(Saved data entries)
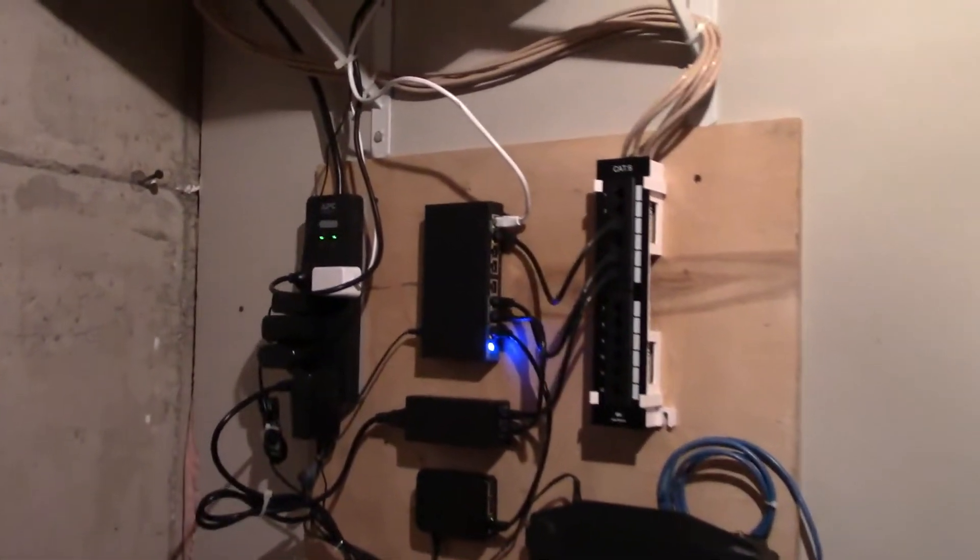It runs from this room through this soffit, from this closet all the way across here, and then into this closet, and then runs along here all the way to this room, and then we'll be going over to here.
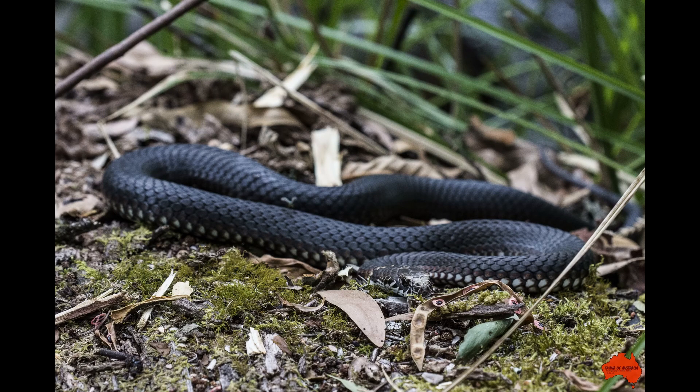In contrary to popular belief, snakes do not chase people. However, I do recommend that you keep three meters away from wild snakes at all times.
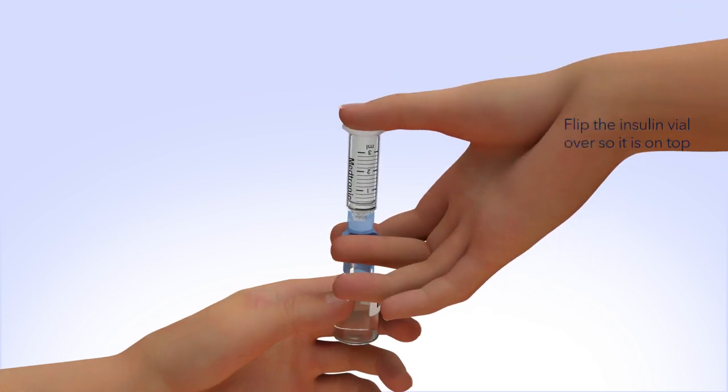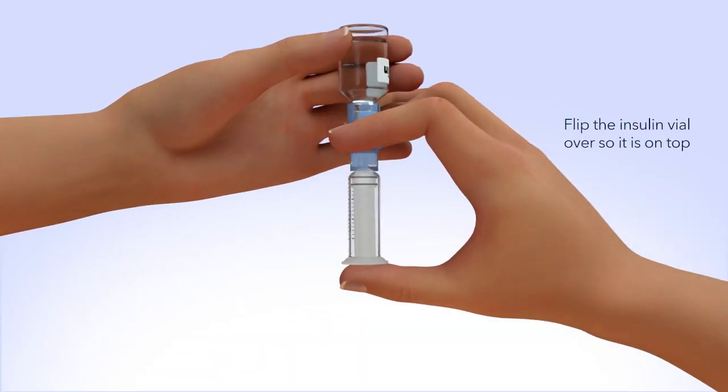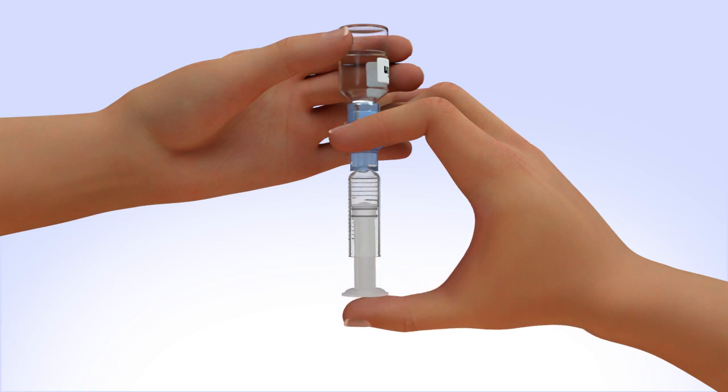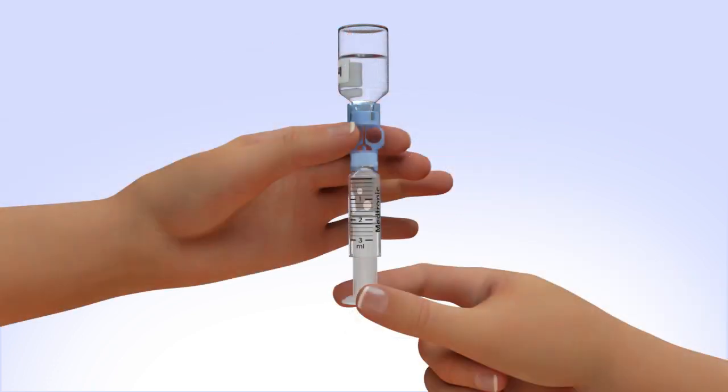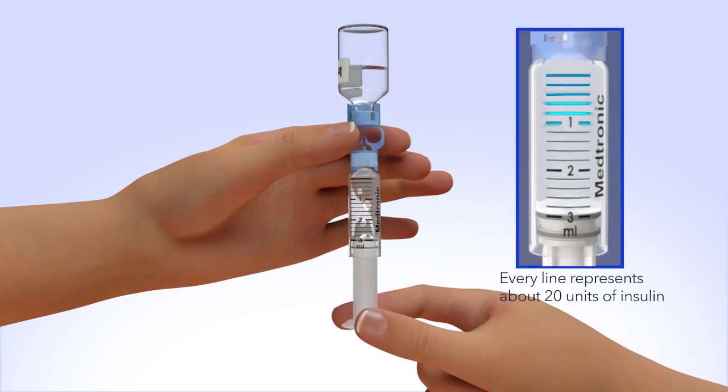Holding the plunger with your thumb, flip the insulin vial over so it is on top. Make sure you are holding the vial with your other hand. Slowly release your thumb pressure from the plunger rod and the reservoir will start filling with insulin. When the reservoir stops filling, pull down on the plunger until the top black o-ring lines up with the desired amount.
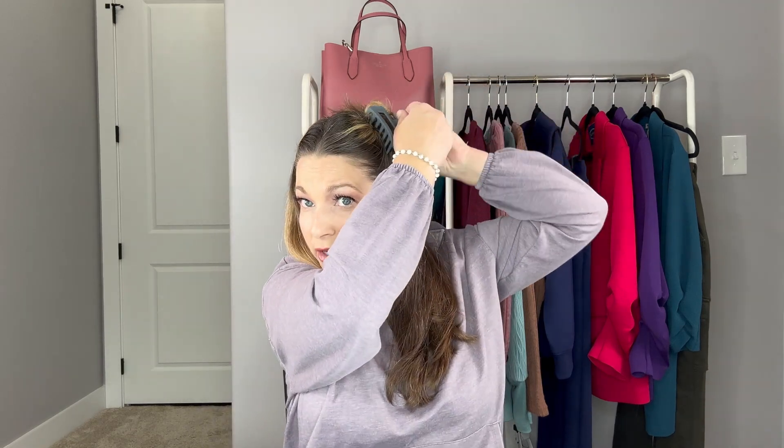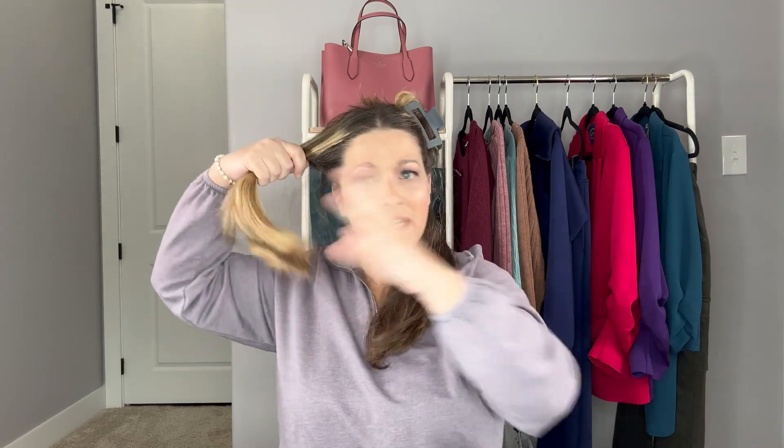I'm just going to brush it out and as you can see I do have those layers and my hair is getting a little dry, so I should probably be putting more product on. I did want to say that my hair is day-washed. I don't like to do this on really clean hair because I don't like the softness — I just don't think it does as well. So I'm going to do this bottom part first, and then I kind of section the top part out in twos and wrap it around and clip it up.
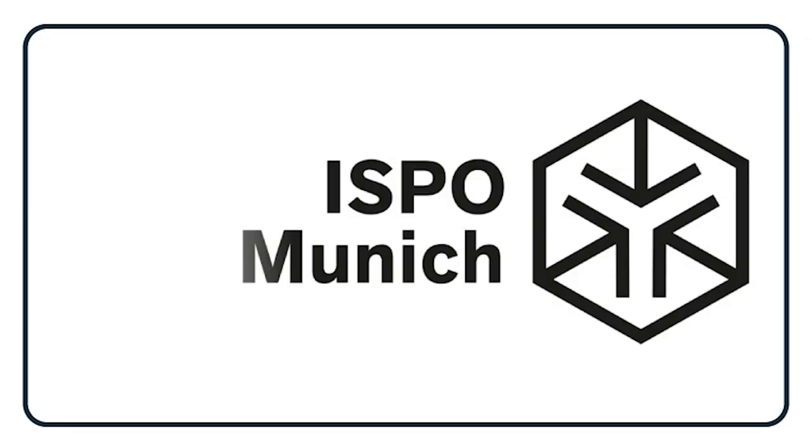Welcome back to the This Is Soul Skate Shop YouTube channel. I just arrived in Munich, Germany for the ISPO — a big convention center where all the major sport brands present their new products, including inline skate brands. I'm going to check out all the new stuff that's going to be released in 2020 and tell you guys all about it.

_WHAT THE TASK ASKS_: For each line above, output its wording exactly and leave out any picture.

_EXERCISE RESPONSE_:
It runs from this room through this soffit, from this closet all the way across here, and then into this closet, and then runs along here all the way to this room, and then we'll be going over to here.
In contrary to popular belief, snakes do not chase people. However, I do recommend that you keep three meters away from wild snakes at all times.
Holding the plunger with your thumb, flip the insulin vial over so it is on top. Make sure you are holding the vial with your other hand. Slowly release your thumb pressure from the plunger rod and the reservoir will start filling with insulin. When the reservoir stops filling, pull down on the plunger until the top black o-ring lines up with the desired amount.
I'm just going to brush it out and as you can see I do have those layers and my hair is getting a little dry, so I should probably be putting more product on. I did want to say that my hair is day-washed. I don't like to do this on really clean hair because I don't like the softness — I just don't think it does as well. So I'm going to do this bottom part first, and then I kind of section the top part out in twos and wrap it around and clip it up.
Welcome back to the This Is Soul Skate Shop YouTube channel. I just arrived in Munich, Germany for the ISPO — a big convention center where all the major sport brands present their new products, including inline skate brands. I'm going to check out all the new stuff that's going to be released in 2020 and tell you guys all about it.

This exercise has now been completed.